NOTAS AL MARGEN
David Fernández
Los profesores recuperan el control de las aulas
El pasado 2 de marzo murió Wayne Shorter (Newark, 1933-Los Ángeles, 2023). No creo que pueda hablarse del saxo tenor ni del soprano, ni referirnos a la centelleante escena jazzística de los 60 sin invocar, junto a otras presencias gigantescas, la de Shorter, quien muy a conciencia escribiera en la funda de su instrumento, allá por sus años de estudiante y de primeras jam sessions neoyorquinas: Mr. Weird, es decir, Don Raro. La inscripción tiene algo de premonitorio, como si el joven músico vislumbrara ya su misión al frente de la vanguardia, o mejor dicho: desde primera hora y con madurez el joven dibuja su firme propósito, con deliberación idéntica -aunque sea distinto el tono- a la de aquel Woody Guthrie que garabateó en su guitarra de palo: This machine kills fascists.
Shorter transitó seis décadas musicales, atravesando etapas y estilos (hard-bop, jazz-rock, fusión) al tiempo que su música se centraba en una indagación personalísima, la decantación de un sonido único (la cual, meritoria por sí misma, roza la heroicidad si pensamos que el músico explora sendas abiertas ni más ni menos que por Dexter Gordon, Sonny Rollins o Coltrane). Destacar, en el caso de un músico de jazz, su sonido propio parece una perogrullada, pero casos como el suyo merecen el subrayado: se diría que era de esos músicos de los que basta con escuchar sus primeros pasos al acceder al escenario para identificarlos. Los suyos era pasos sigilosos, como si cada nota, cada gesto en la vida contara.

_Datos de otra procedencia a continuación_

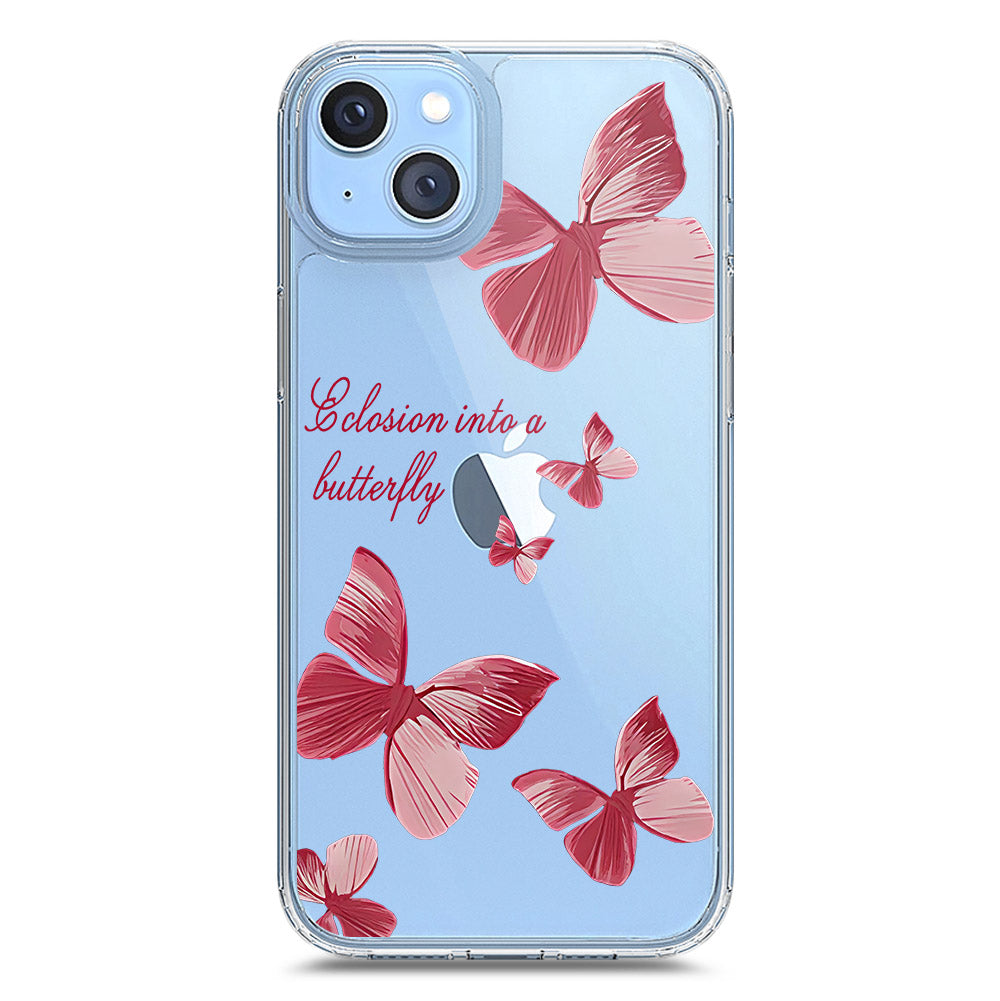 iPhone 14 Plus Cover - O'Nation Butterfly Dreams Series 2 - Clear Phone Case - Soft Silicon Borders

Para algunos de nosotros la etapa de máximo esplendor de Shorter se corresponde con los años sesenta, desde su colaboración con los Jazz Messengers a su prolija discografía como líder en Blue Note (y sus colaboraciones, entre otros, con los compadres Lee Morgan o Freddie Hubbard) o su fulgurante paso por el quinteto de Miles Davis. Les invito a teclear sus nombres en Youtube y ya los verán en directo: no sólo es la música portentosa, sino que en su actitud -desde el brillo de los zapatos a la adusta manera de arrimarse al micrófono- van muy por delante de nuestros, por otra parte, tan admirados ídolos del pop-rock de los sesenta.
Valga por toda recomendación discográfica la anécdota. La última vez que vimos a Shorter fue con su cuarteto en 2010. Lo acompañaba el querido Ivan Pivotti, que me presentó al músico permitiéndome así abordarlo para que me firmara mi vinilo de Night Dreamer. Pero yo envidio secretamente el autógrafo de Pivotti, sobre todo por lo sucedido: aquella misma noche en aquel mismo camerino pidió al amabilísimo Mr. Weird que le firmara una copia de Speak No Evil. La particularidad del disco, más allá de su calidad musical, es que aparece retratado el saxofonista tras la que fuera su primera esposa, Teruka Nagakami, escena rubricada con la marca de un beso... Pues bien, el road manager Pivotti y este necrólogo ocasional todavía recuerdan la expresión de su última mujer, allí presente, como diciendo: "¿No tenías otro disco, hijo?". Todos sonreían.